Community docs

How our data connections interact with your data

There are three main ways that data.world can interact with data from your environment:

  1. Metadata collection, including optional Technical Lineage Server

  2. Virtual query capability

  3. Data extract/import capability

Typically for the vast majority of security and compliance needs, (1) Metadata collection and (2) virtual query are sufficient, and (3) data extract/import can be optionally disabled. If only (1) and (2) are leveraged, data.world does NOT store data in our platform--only metadata.

Data extract/import

Virtual connections can be leveraged to extract/import data into data.world. Any data imported into data.world will often benefit from query performance improvements if it is in a small or medium size dataset (i.e., under 3GB). We recommend larger amounts of data be separated into multiple datasets, or accessed via virtualization instead. Data in data.world datasets is kept securely in encrypted data stores.

Note

Some customers choose to disable the ability to extract and import data to prevent any data from being persisted in data.world for compliance or other reasons. The decision to allow or disallow extract/import is fully in the hands of the customer.

Virtual query

Datasets in data.world are built off of the connections, but no data is stored in them. When a user performs a data query, a short-lived connection fetches only the query results. These results are NOT persisted--neither in storage nor in memory. Additionally, by default, queries have a 5 minute timeout for performance and security reasons. Finally, all queries are comprehensively tracked and audited via query audit logs that customers can access and monitor.

A virtual appliance (or optionally a hardware appliance or reverse SSH tunnel service) is implemented in the customer environment by the customer.

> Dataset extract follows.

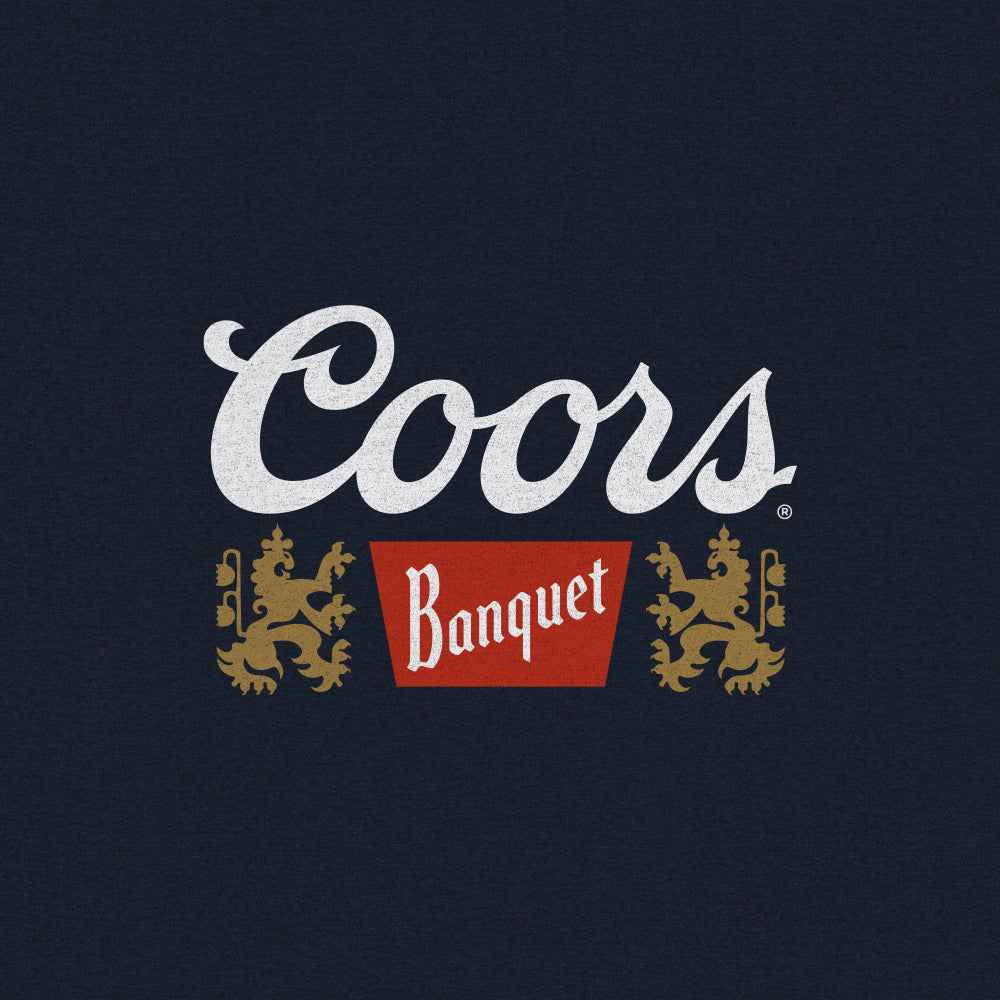 Coors Banquet Double-Sided Graphic Pullover Hoodie – Navy Blue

The virtual and hardware appliances are powered by our partner Trustgrid, a secure connection bridge technology vendor trusted by many of the largest banks and financial institutions. Using the Trustgrid technology, a network bridge is configured on the data.world side in conjunction with the customer. At that point, read-only system user credentials can be securely stored in data.world as connections, and encrypted connections are initiated as outbound only. Connections in the system are encrypted and initiated as outbound only.